Et maintenant a commencé une chose unique dans l’histoire. C’était la fermeture du Japon. Délibérément, la politique d’isolement et d’exclusion a été adoptée et, une fois adoptée, elle a été poursuivie avec une étonnante minutie. Les Anglais, ne se trouvant pas les bienvenus, renoncèrent au Japon en 1623. L’an prochain, les Espagnols, redoutés surtout, furent déportés. Il était établi que seuls les non-chrétiens pouvaient aller faire du commerce à l’étranger ; et même eux ne pouvaient pas aller aux Philippines. Enfin, une douzaine d’années plus tard, en 1636, le Japon est scellé. Les Portugais ont été expulsés ; il était interdit à tous les Japonais, chrétiens ou non-chrétiens, de se rendre à l’étranger pour quelque raison que ce soit ; et aucun Japonais vivant à l’étranger ne pouvait retourner au Japon, sous peine de mort ! Seuls quelques Néerlandais sont restés, mais il leur était absolument interdit de quitter les ports et d’entrer dans l’intérieur du pays. En 1641, même ces Néerlandais furent transférés sur une petite île du port de Nagasaki et y furent détenus presque comme des prisonniers. Ainsi, à peine quatre-vingt-dix-neuf ans après l’arrivée du premier Portugais, le Japon a coupé tout rapport sexuel étranger et s’est enfermé.             274

 Un navire portugais est arrivé en 1640 avec une ambassade demandant la restauration du commerce. Mais il n’y avait rien à faire. Les Japonais ont tué les envoyés et la plupart de l’équipage, et ont laissé une partie de l’équipage en vie pour revenir et faire rapport.

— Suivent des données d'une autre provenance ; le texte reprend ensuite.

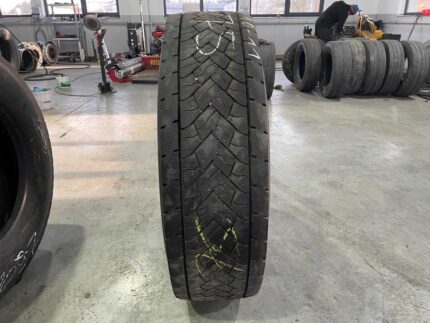  Używana opona ciężarowa 315/80R22.5 DUNLOP SP445 / 10-11mm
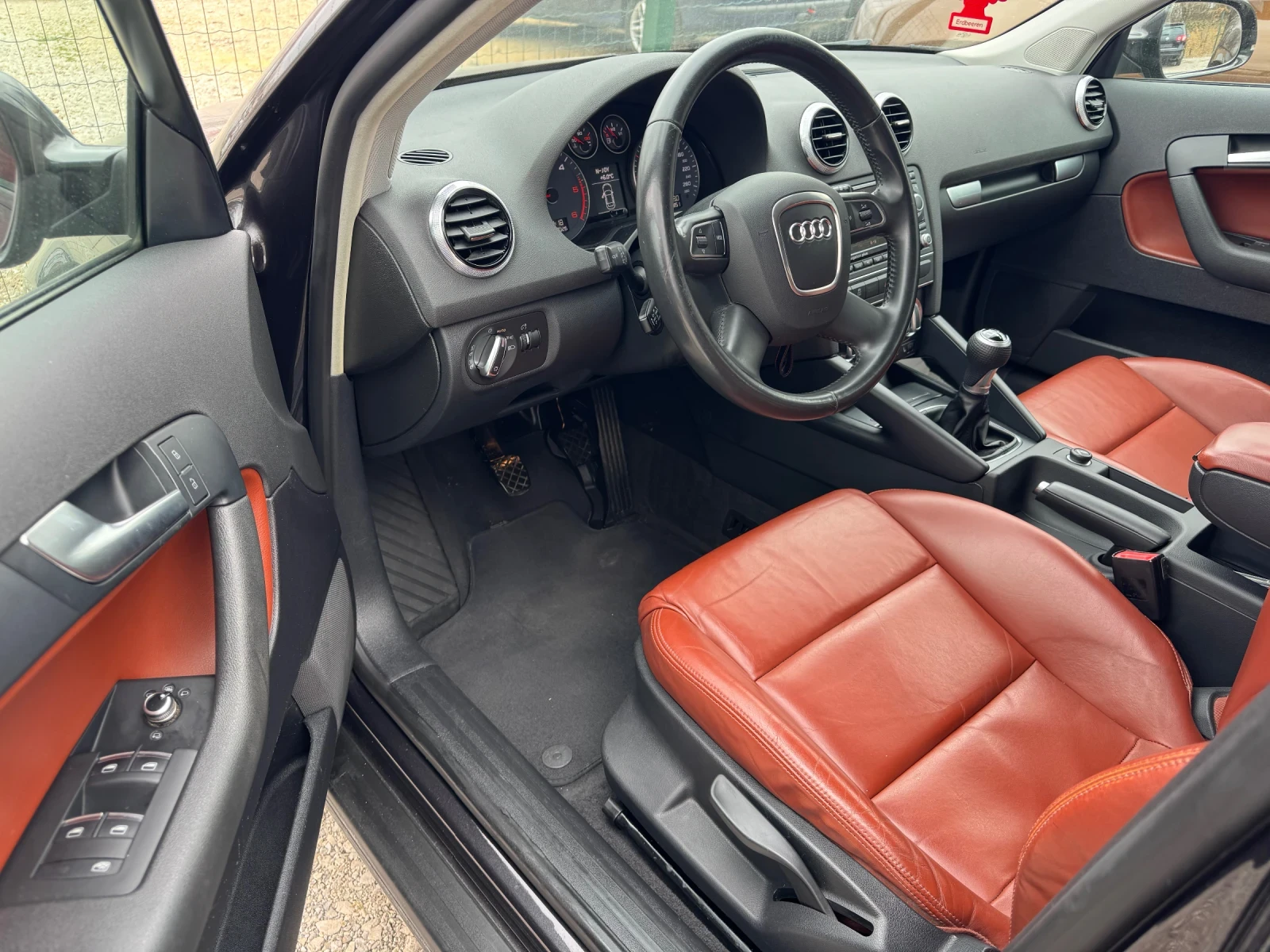 Audi A3 Sportback* Bi-Xenon* Led* Navi-Plus* Leder* Tempom, снимка 10 - Автомобили и джипове - 53541219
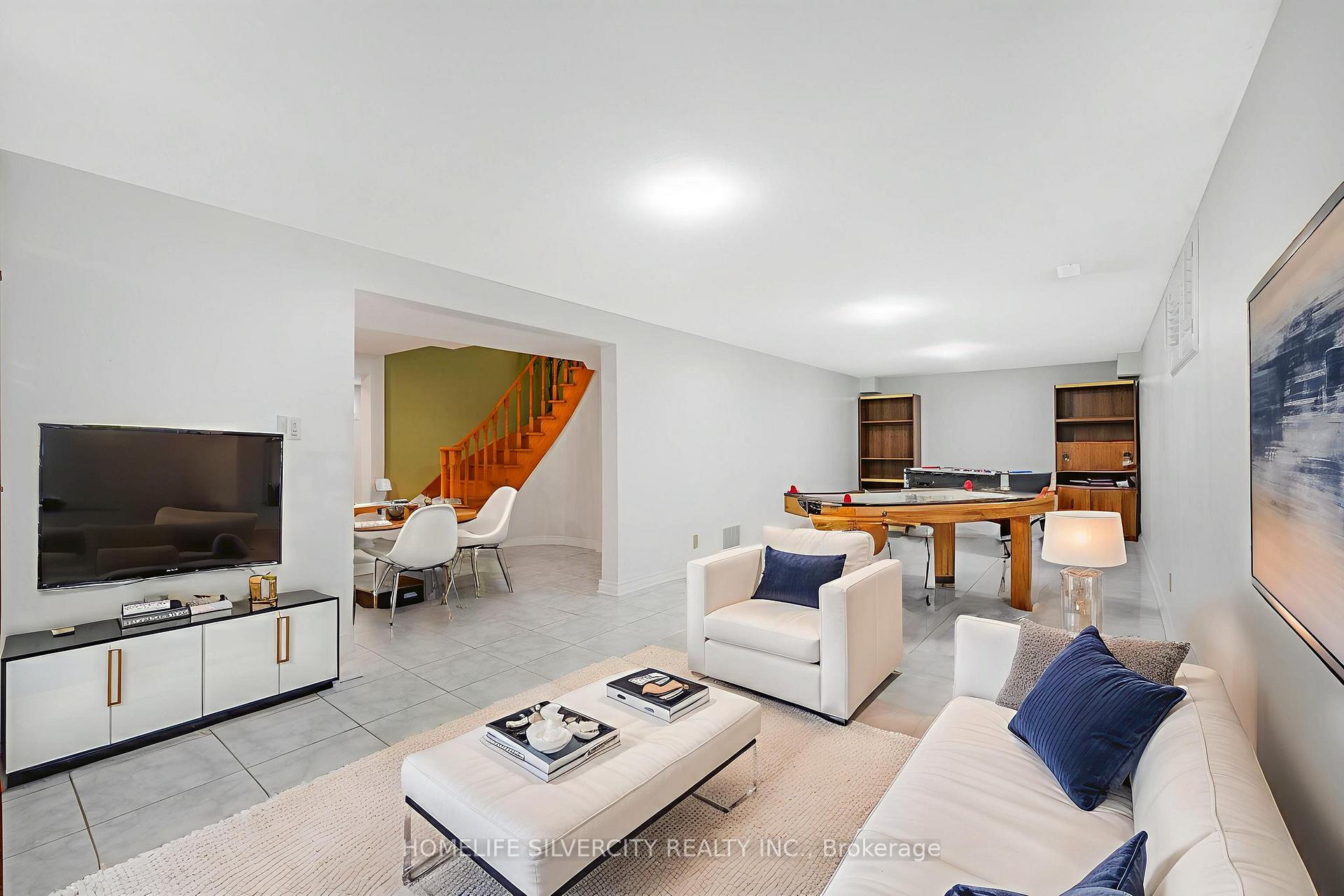 Photo 29 of 16 Pacific Lane, Brampton, Northgate — HOMEH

Pendant plus de 200 ans, le Japon a été presque complètement coupé du monde, même de ses voisins, la Chine et la Corée. Les quelques Néerlandais de l’île et un Chinois occasionnel, sous stricte surveillance, étaient les seuls liens avec le monde extérieur. Cette coupure est une chose des plus extraordinaires. À aucune période de l’histoire enregistrée, et dans aucun pays, il n’y a un autre exemple de cela. Même le Tibet mystérieux ou l’Afrique centrale communiquaient assez souvent avec leurs voisins. C’est une chose dangereuse de s’isoler ; dangereux à la fois pour un individu et pour une nation. Mais le Japon y a survécu, a eu la paix intérieure et s’est remis des longues guerres. Et quand enfin, en 1853, elle rouvrit sa porte et ses fenêtres, elle fit une autre chose extraordinaire. Elle est allée de l’avant avec une précipitation, a rattrapé le temps perdu, a rattrapé les nations européennes et les a battues à leur propre match.

Que le contour chauve de l’histoire est terne et que les personnages qui la traversent sont maigres et sans vie ! Pourtant, parfois, quand on lit un livre écrit dans les temps anciens, la vie semble se déverser dans le passé mort, et la scène semble se rapprocher de nous, et les êtres humains vivants, aimants et haineux s’y déplacent. J’ai lu l’histoire d’une charmante dame du vieux Japon, Lady Murasaki, qui a vécu il y a plusieurs centaines d’années – bien avant les guerres civiles dont j’ai écrit dans cette lettre. Elle a écrit un long récit de sa vie à la cour de l’empereur au Japon, et en lisant des extraits de ceci, avec ses touches délicieuses, ses intimités et ses futilités courtoises, la dame Murasaki est devenue très réelle pour moi, et une image vivante est apparue. du monde limité mais artistique de la Cour du Japon ancien.